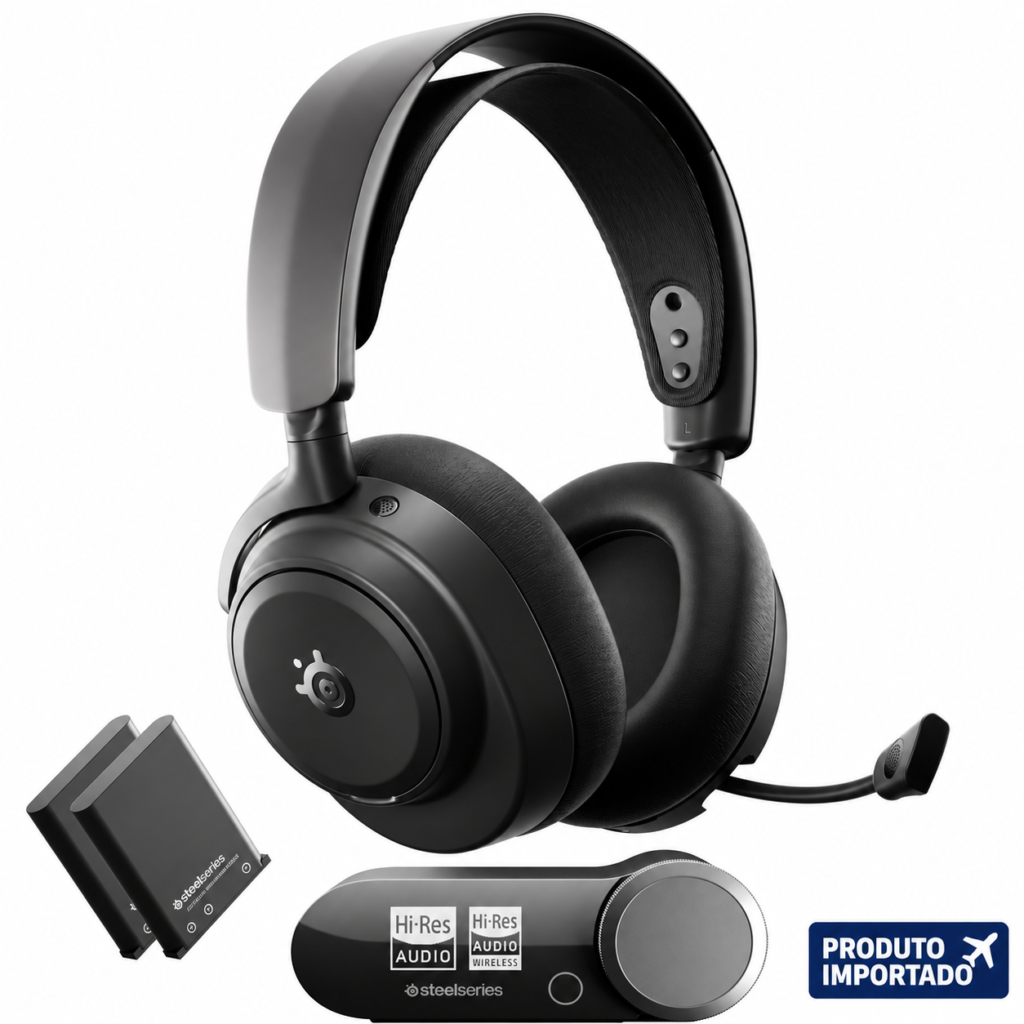 SteelSeries Arctis Nova Pro Omni – Headset Gamer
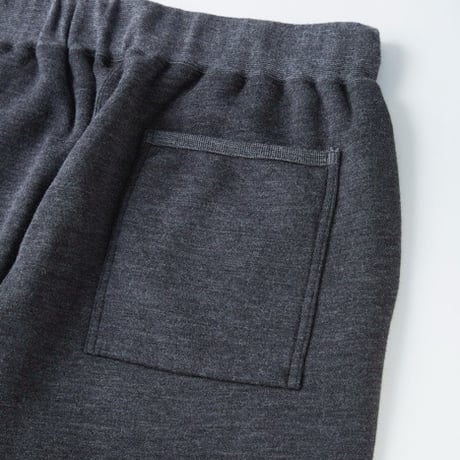 OLD JOE(オールドジョー) - GATHERED WAIST ATHLETIC TROUSER(MAGNETIC GREY)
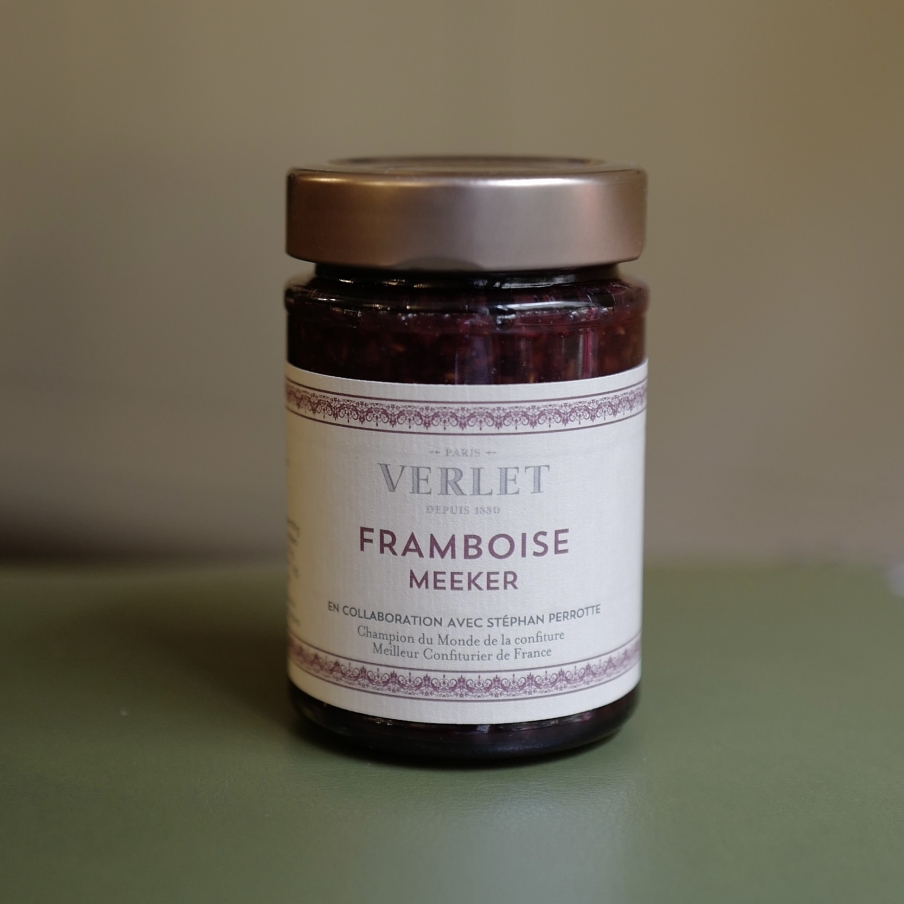 Confiture Framboise Meeker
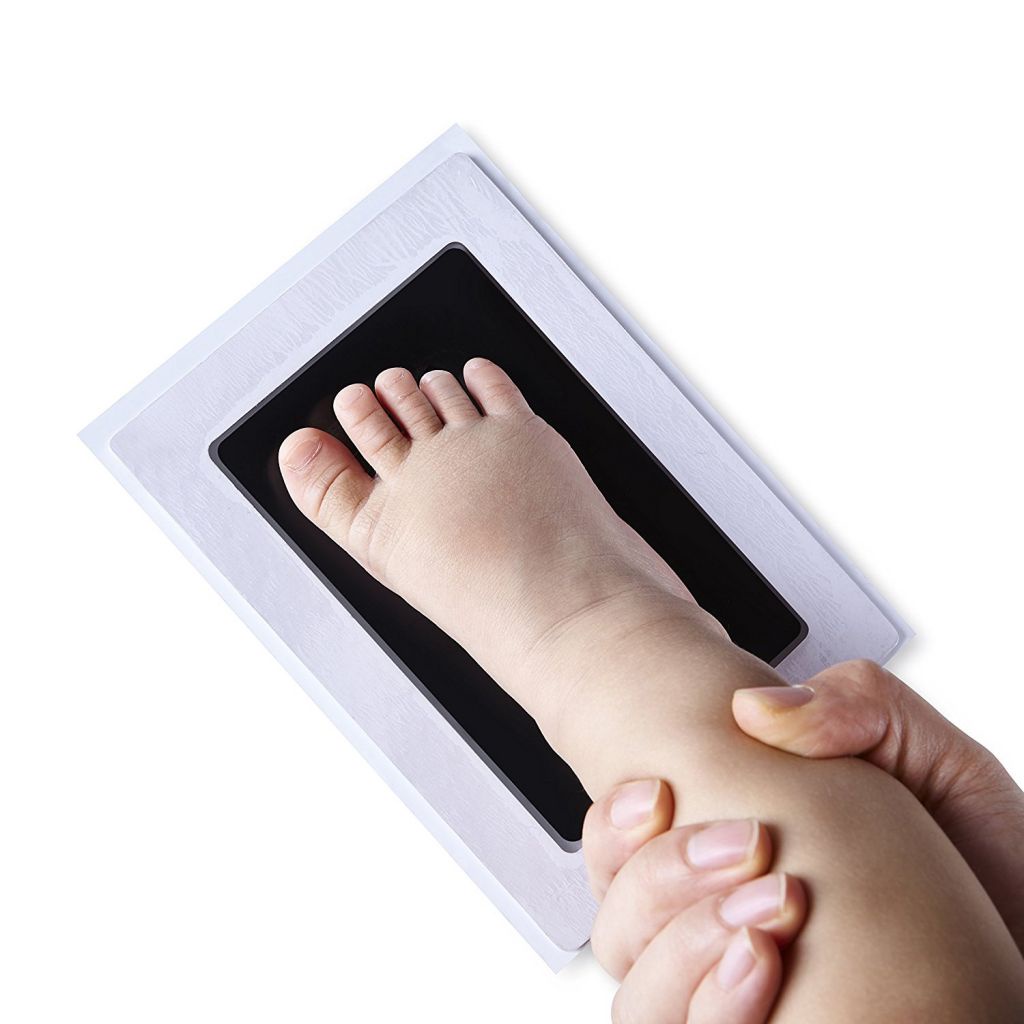 1Pcs Newborn Baby Handprint Footprint Inkless Touch Ink Pad DIY Photo Frame Girl/Boy Infant Baby Gift decoration OW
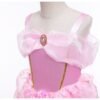 disney princess most elegance costume dress cosplay pretend play cinderella aurora belle rapunzel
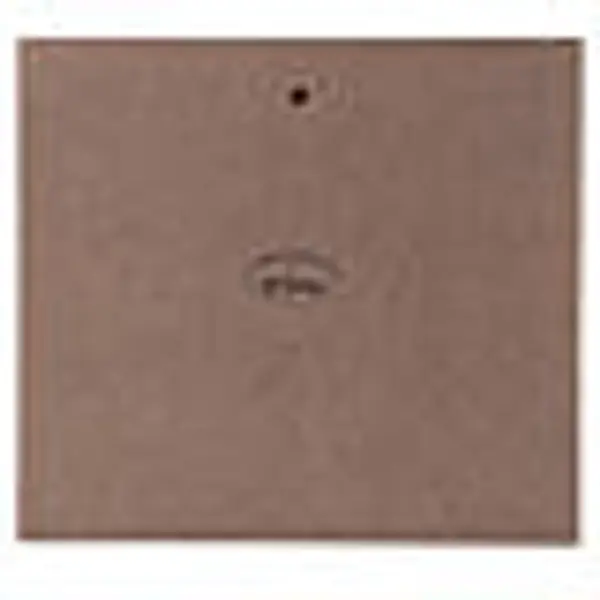 Bas-relief Pinton Sainte Famille porcelaine blanche sur panneau rose 22x25 cm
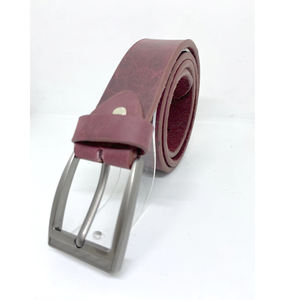 High Quality Genuine Cow Hide Leather <b>Belt</b> Factory Wholesale Classic Pin Buckle Full Grain Leather in Plain Black Brown <b>for</b> <b>Men</b> - Product Image 6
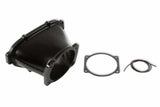 Holley EFI Billet Aluminum LS Front-Feed Lo-Ram 105 mm Throttle Body Adapter 300-630BK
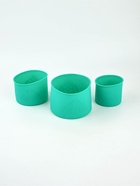 Силиконовая форма «ХВ» для кулича на Пасху, 3 шт. - Фото 3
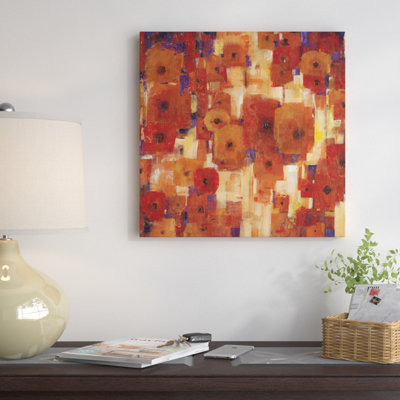 " Transitional Poppies I "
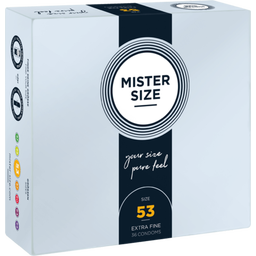 MISTER SIZE Preservativos 53 mm - 36 Unidades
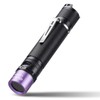 LIGHTFE Blacklight uv Flashlight 365nm UV304 UV Flashlight Rechargeable can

Exercise aim: Starting at the line that contains "Transitional Poppies I", retype every line through the end of the material exactly as written, including both end lines but no pictures.

Response box:
 " Transitional Poppies I "
 MISTER SIZE Preservativos 53 mm - 36 Unidades
 LIGHTFE Blacklight uv Flashlight 365nm UV304 UV Flashlight Rechargeable can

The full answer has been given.